Her eyes became icy nuggets. “I don’t know you, Mister. I don’t have to say nuthin’ to you.”

“You’re right,” I said, and went into the main room of the McDonald’s and ordered a milk shake. I paid for it and went outside and sat at another table. Pick-up trucks lumbered down the street, waiting at the light to turn on Main Street and go out to the beach.

Two 4 5-year-old hippies with scoured eyes walked into McDonald’s, shirtless and shoeless, and looked blankly at the chunky girl. She had finished eating, and was sipping a soda. One of them went inside and the other stared at her.
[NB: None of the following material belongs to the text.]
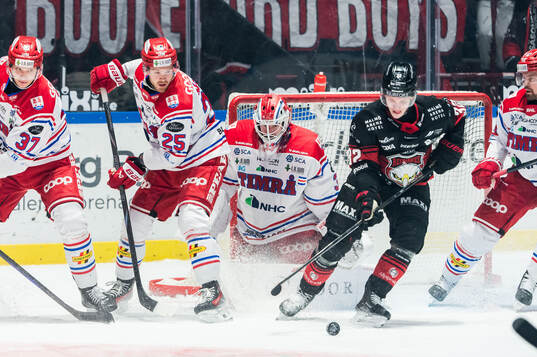 Malmö Redhawks Joona Ikonen och Timrås Linus Nässén och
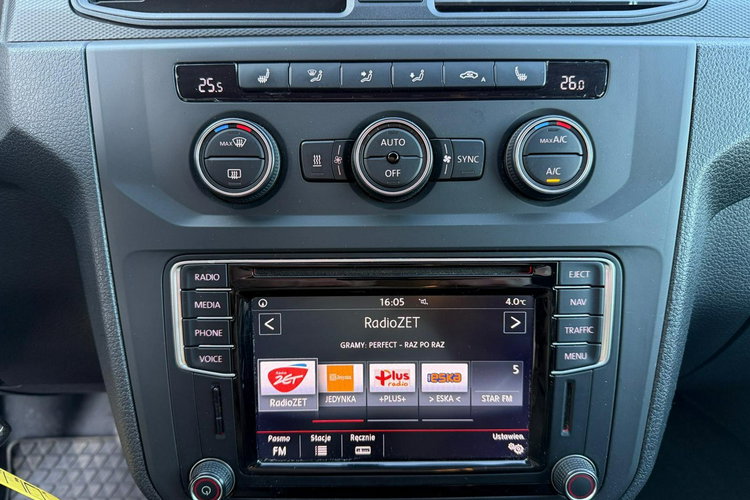 Volkswagen Caddy 2.0 TDI Maxi długi Automat Klimatyzacja podgrzewane siedzenia zdjęcie 15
She got up and came over to sit across from me.

“You got a dollar?” she said.

“Sure,” I said, and gave her a dollar. The second hippie went inside. “What’s your name?”

“Kathy.”

“Where you from, Kathy?”

“Up North. Albany, N.Y. You’re not a cop?”

“Do I look like a cop?” I said, laughing. She smiled then, and said, “Yeah.”

“Well, I’m not. I’m a reporter.” I showed her a press card. She looked at the picture on the card and then at me, and handed it back. It was starting to get dark now and I asked her how she’d come to Daytona Beach.

“I ran away last May,” she said. “I couldn’t take them no more. I couldn’t take my mother, always naggin’, always on me, you know? So I just took off one night, me and a girlfriend. She quit on me in New York City and went home, but I kept goin’.”

Somewhere in New Jersey, she was picked up by a truck driver. They went all the way to Virginia together.

“I thought he was a nice guy,” she said. “He was doin’ a lot of pills, reds and stuff, and he’d sing the songs right along with the radio, and he knew every word. We come to some place, a truck stop they call it. They had a separate restaurant, just for truck drivers. He gave me some pills and I took them. I didn’t care, and we drank some beer.”

They stayed there all night, and the driver passed her around to five other drivers.

“I didn’t mind,” she said flatly. “It was better than Albany. But when I woke up in the morning in the woods beside that place, they were all gone, every last one of them. I left my shoes in one of the trucks, and I only had $4. So I had to hitchhike. Some old farmer picked me up. He wanted to take me someplace, but he was so old, man. I said no, and he got mad and left me out on the road in the middle of the night.”

It took her six days to reach Jacksonville. She stayed there for a while, living on the beach. There were a lot of sailors in town, she said, and they liked her. “Nobody liked me in Albany,” she said. “They used to laugh, I was too fat.” One of the sailors took her to Daytona on the Fourth of July weekend, then left without her. She had been here ever since.

“It’s nice here,” she said. “The dudes here are nice.”

A few more beach rats arrived, and she seemed nervous.

“I gotta go,” she said. “There’s a guy over there I don’t wanna talk to.”

Her eyes were bright with panic. She got up quickly, and we walked together back to the boardwalk. An enormous fat man in green shorts lay on a bench, his hair cut short, his eyes pinwheeling, fanning himself with a pocket mirror.

It was dark now. Two scrawny men with junkie eyes stood in front of Lacey’s Beachware, watching the evening’s arrivals from the small towns of Florida and Georgia.

“Why don’t you go home, Kathy?” I said.

“I don’t ever want to go home,” she said, her voice rising. “I don’t want to go home ever again.”